Short web captions
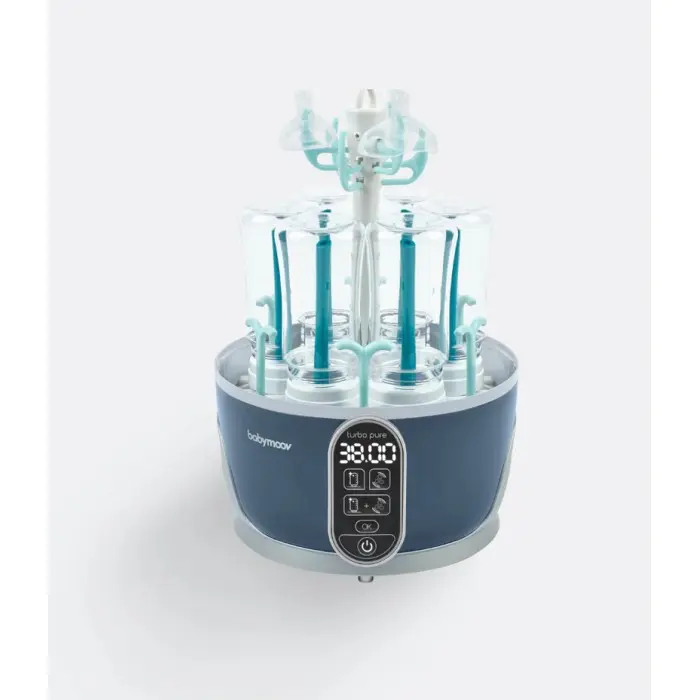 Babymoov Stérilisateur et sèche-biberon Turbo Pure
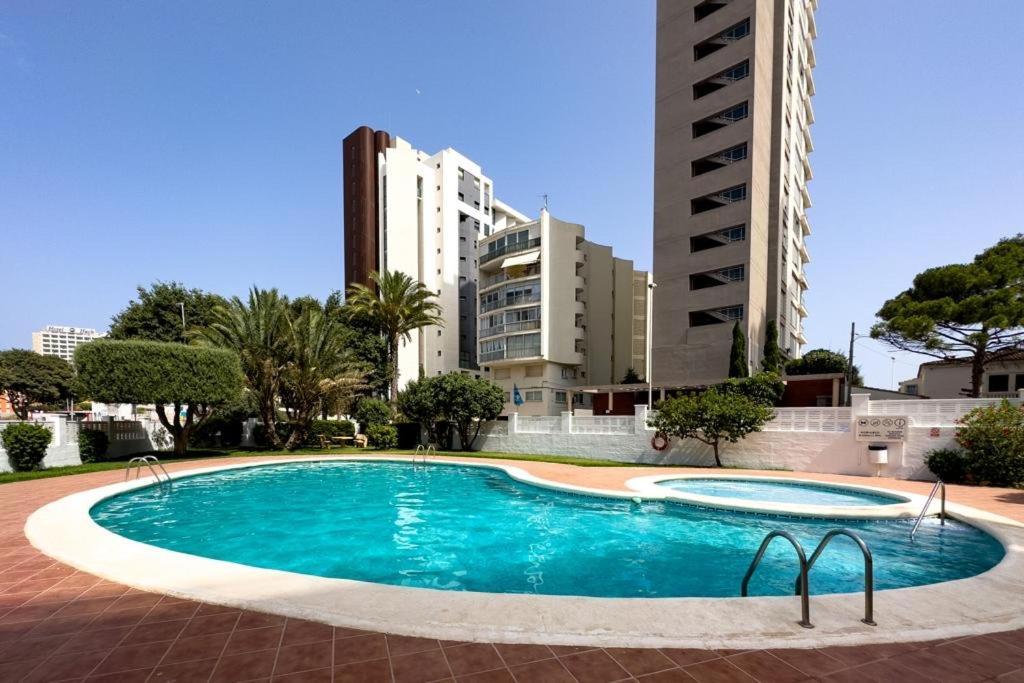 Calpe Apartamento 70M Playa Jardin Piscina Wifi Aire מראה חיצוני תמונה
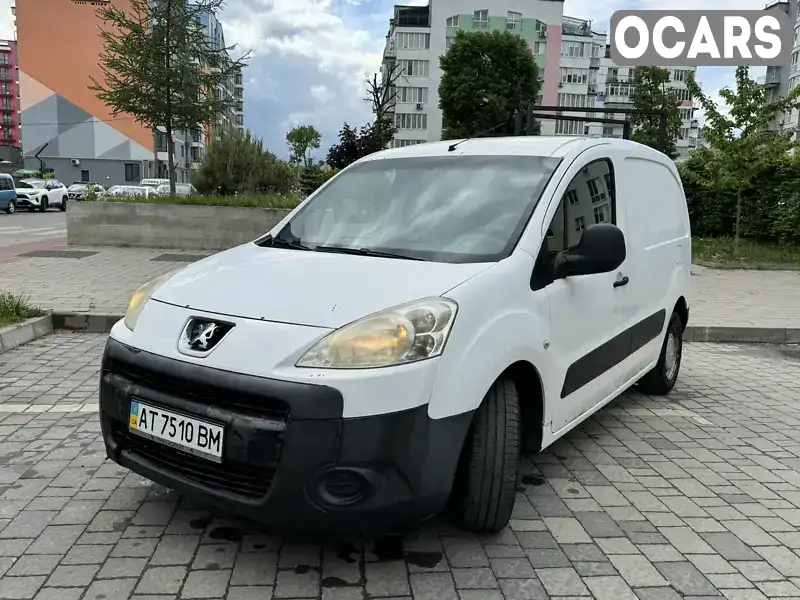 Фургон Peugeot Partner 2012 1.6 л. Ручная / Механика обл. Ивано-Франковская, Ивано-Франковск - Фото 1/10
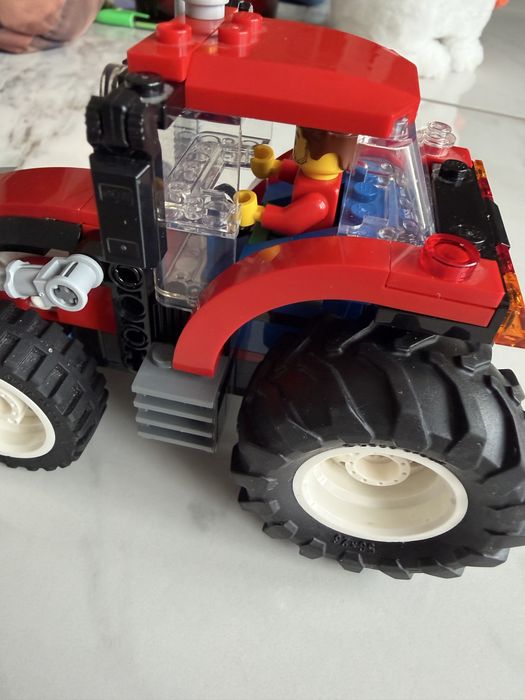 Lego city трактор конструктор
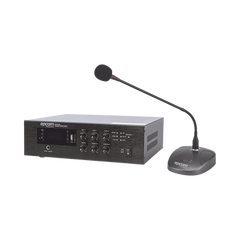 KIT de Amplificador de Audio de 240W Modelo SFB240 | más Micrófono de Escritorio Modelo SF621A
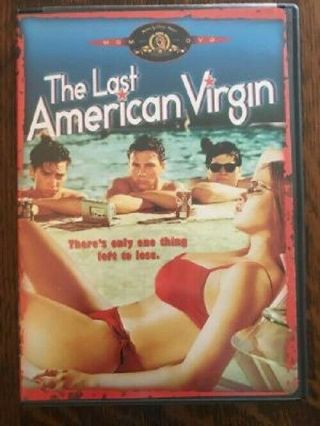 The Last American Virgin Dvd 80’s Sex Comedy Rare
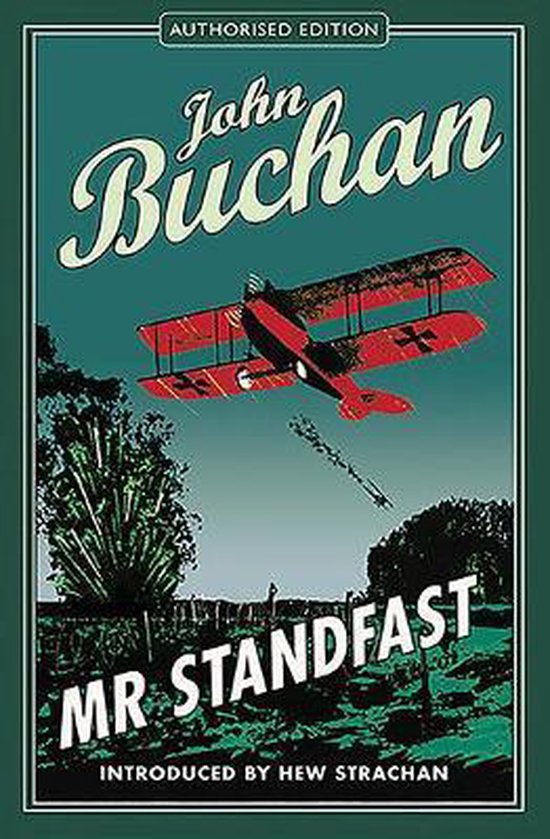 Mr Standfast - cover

# WHAT TO WORK ON
Nothing but the records above, exact and without pictures, should appear in the answer.

# THE ANSWER
 Babymoov Stérilisateur et sèche-biberon Turbo Pure
 Calpe Apartamento 70M Playa Jardin Piscina Wifi Aire מראה חיצוני תמונה
 Фургон Peugeot Partner 2012 1.6 л. Ручная / Механика обл. Ивано-Франковская, Ивано-Франковск - Фото 1/10
 Lego city трактор конструктор
 KIT de Amplificador de Audio de 240W Modelo SFB240 | más Micrófono de Escritorio Modelo SF621A
 The Last American Virgin Dvd 80’s Sex Comedy Rare
 Mr Standfast - cover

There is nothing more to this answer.